With capital infusion from the government and a turnaround plan in place, IDBI Bank expects stability to return to its balance sheet by March 2019.
The government-owned bank, in the red due to large provisioning for loans gone bad, posted a net loss of Rs 198 crore in the quarter ended September (Q2), from a profit of Rs 56 crore in the same period of 2017. The net loss for the June quarter (Q1) was Rs 858 crore.
However, operating profit rose by 81.7 percent to Rs 2,798 crore in Q2 from a year before (it was Rs 877 crore in Q1).
M K Jain, managing director, said the growth in operating profit was expected to be 20-22 percent for the financial year ending March 2018.
In September, the bank hired The Boston Consulting Group (BCG) to accelerate its turnaround plan and improve financial performance. IDBI is supposed
to focus on four areas — revenue enhancement, cost control & reduction, asset productivity and overall programme management, in consultation with
Executives said the results of this effort were expected in the year’s second half and help to repair the balance sheet in 2018-19.
The loan book shrank by 10.9 percent at Rs 205,670 crore by end-September. The bank will so structure the loan portfolio that the retail (to individuals) and corporate segment have about the same share by September 2018. At present, the retail book is 43 percent and corporate credit is 57 percent.

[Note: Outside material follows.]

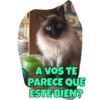 A VOS TE
PARECE QUE
ESTE BIEN?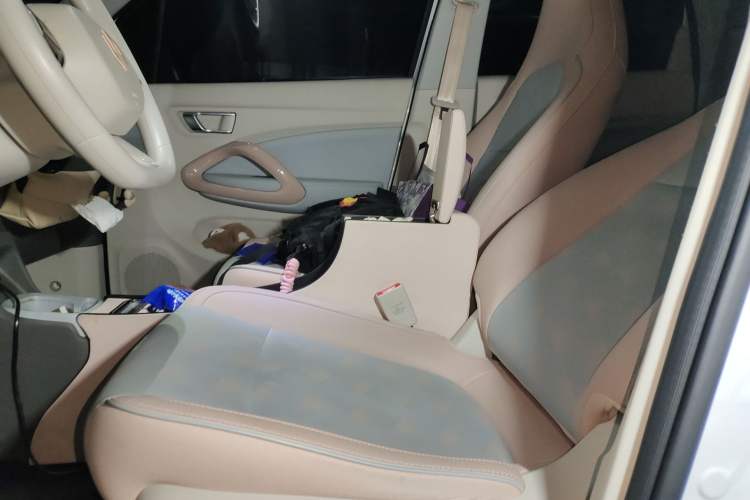 Used Leapmotor T03 2024 310 Comfort Edition Left Front Seat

The bank has been liquidating its non-core assets and investments to raise money for capital adequacy. It booked capital gains of about Rs 1,400 crore till September from the sale of non-core assets. It sold 10 per cent in the Small Industries Development Bank of India to a clutch of financial institutions and banks. It would shed another six per cent stake in the year’s second half. The bank has also put on the block its entire
30 per cent stake in National Securities Depository Ltd.
IDBI expects slippage to be Rs 5,000-6,000 crore in the second half of this financial year. Gross non-performing assets were Rs 51,367 crore (24.9 per cent) at end-September 2017, from Rs 30,133 crore (13.1 per cent) a year before. At end-June, it was Rs 50,173 crore (24.1 percent).
The capital adequacy ratio improved in the September quarter, the government and Life Insurance Corporation infusing Rs 1,800 crore. At end-September, this was about 12 per cent, from 11.64 per cent a year before. Common Equity Tier-1 was 6.56 percent.